A 1% hike would have been “radical and a signal to markets that the country's central bank has lost control and is in panic mode, and that the likelihood of a recession has just increased considerably,” said Scott MacDonald, chief economist at Smith's Research & Gradings.
With an increase of 75 basis points, the Fed stays in line with the magnitude of recent rate increases by the European Central Bank and Bank of Canada.
Federal Reserve board members and presidents doubled down on further interest rate hikes in their economic outlook, with no pivot in sight for 2023.
"My main message has not changed at all" since the Fed's economic symposium last month in Jackson Hole," Powell said during a press conference following the interest rate decision. "The FOMC is strongly resolved to bring inflation down to 2% and we will keep at it until the job is done."
At the end of this year, the federal funds rate is expected to reach 4.4%, indicating the Federal Reserve will continue to raise interest rates at the next FOMC meetings. The Federal Reserve does not expect rate cuts until 2024, damping hopes of eased financial conditions anytime soon.
Powell, speaking about financial conditions, said that "what we think we need to do and should do is to move our policy rate to a restrictive level."
"Today, we've just moved probably into the very, the very lowest level of what might be restrictive," he added.
Traders in traditional markets are already betting that a 75 basis point rate hike is the mostly likely scenario at the FOMC’s next monetary-policy meeting in November.
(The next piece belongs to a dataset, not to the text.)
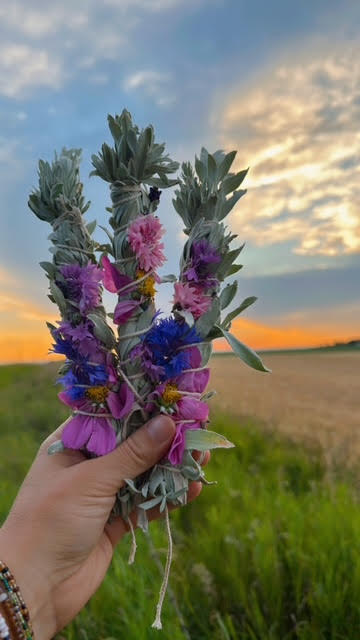 Hand holding a sage plant wand against a sunset sky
Just one month ago, the odds of a hike of that magnitude were seen as nil.
What it means for crypto markets
Crypto markets were volatile in the wake of the Federal Reserve's decision. Bitcoin dropped below $19,000 but soon rebounded to $19,500, then slid to $18,900. Equities also saw wild swings during Powell's press conference. At press time, the S&P 500 and Nasdaq traded at around where they opened on Wednesday.
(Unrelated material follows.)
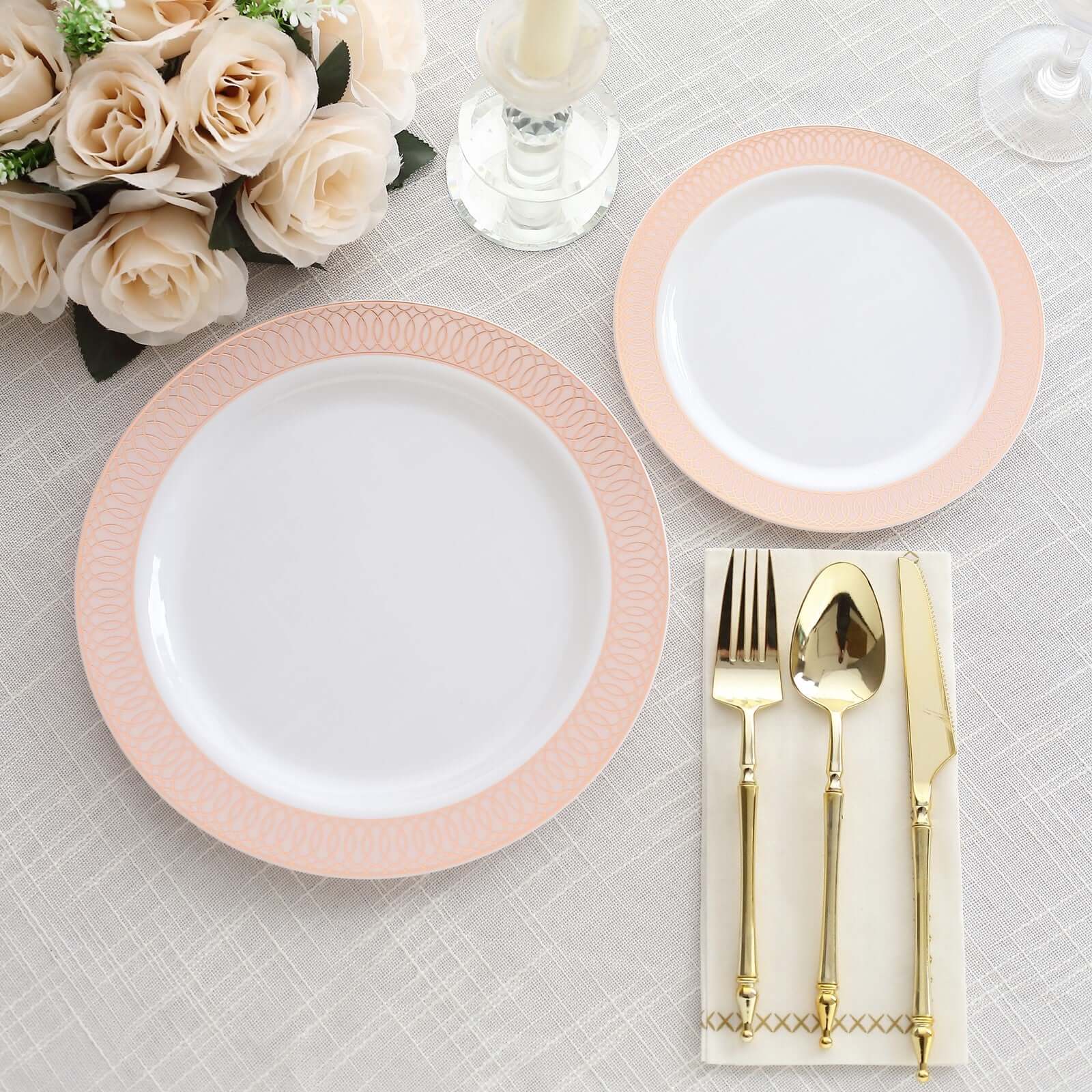 10-Pack Plastic Round Dinner Plates 10" White with Blush Rose Gold Spiral Rim - Chic Disposable Party Plates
"Markets are crazy in the short-term," said Alexandre Lores, Quantum Economics' director of blockchain market research. "Over a longer period I see this as a neutral or bearish move, and expect BTC and ETH to respond in a neutral or bearish fashion."
"This is yet another reminder that crypto moves at the whims of the Fed," said Riyad Carey, a research analyst at crypto data firm Kaiko. "We saw this just last week when there was a sharper price reaction to the CPI release than to the [Ethereum upgrade] Merge. I don’t foresee crypto, especially BTC and ETH, bucking the Fed’s influence any time soon."
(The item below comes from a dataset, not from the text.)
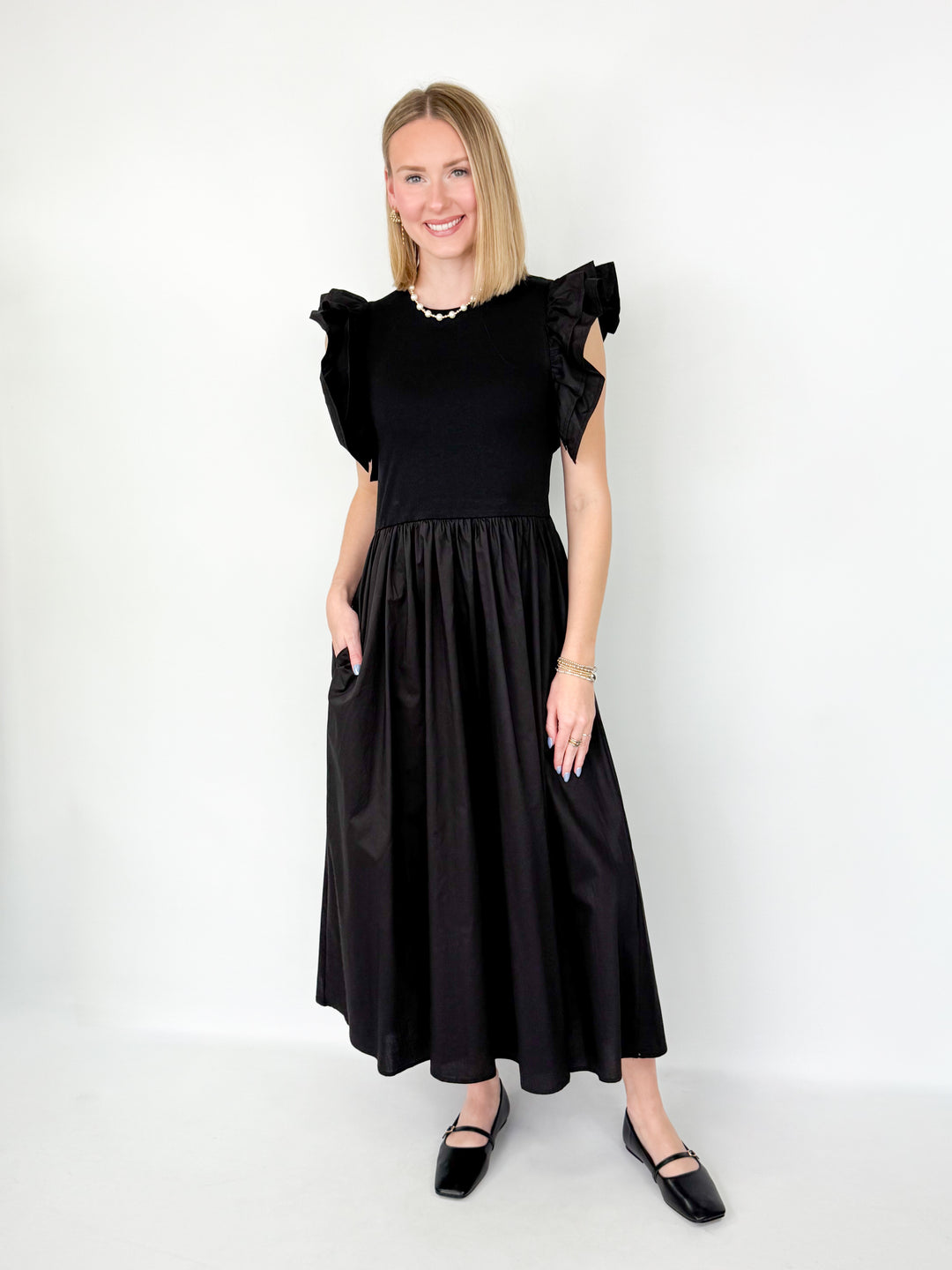 Kate - Midi Black Dress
Joshua Lim, a crypto derivatives trading specialist, said a 75 basis point hike would be “well received,” given that the probability of a larger move was priced in by traders as well.
“With Fed terminal rates in the mid-4% range, one thing we continue to hear is markets’ interest in real-world yields on-chain. This is a growing area, with on-chain credit to electronic market makers being the bulk of it,” he said.
Jocelyn Yang contributed to this article.
UPDATE (Sept. 21 20:57 UTC): Updated bitcoin price action following Jerome Powell's press conference. Added market commentary.